* [Task statement]: Print back each record unchanged, without pictures.

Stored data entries
══════════════════════════════
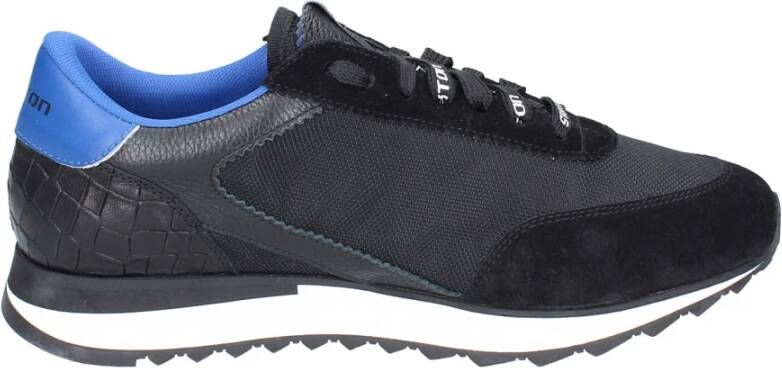 Stokton Heren Textiel Sneakers Black Heren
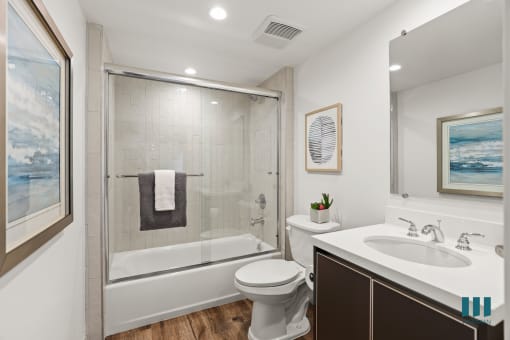 Bathroom With Full-Size Bathtub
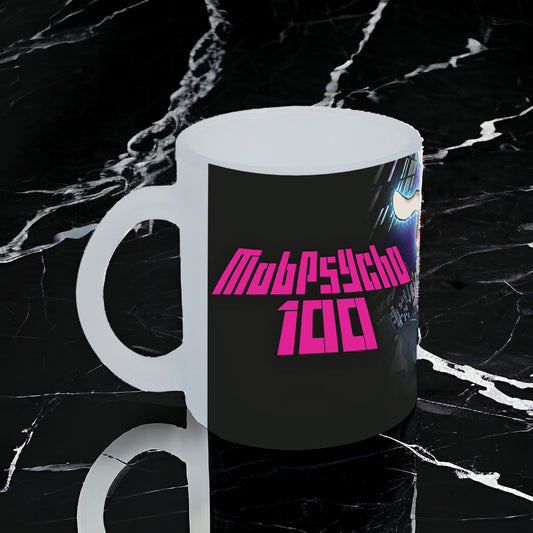 Taza MobPsycho 100 vidrio Frosted - Anime
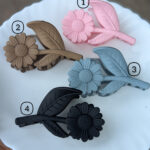 Sunflower Hair Claws_Medium Size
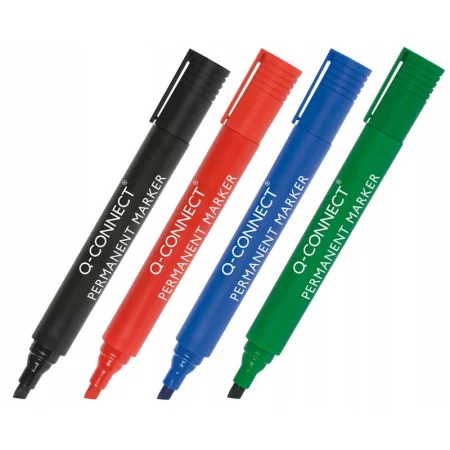 MARKER PERMANENTNY Q-CONNECT ŚCIĘTY 3-5MM CZARNY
══════════════════════════════
* [Task solution]:
 Stokton Heren Textiel Sneakers Black Heren
 Bathroom With Full-Size Bathtub
 Taza MobPsycho 100 vidrio Frosted - Anime
 Sunflower Hair Claws_Medium Size
 MARKER PERMANENTNY Q-CONNECT ŚCIĘTY 3-5MM CZARNY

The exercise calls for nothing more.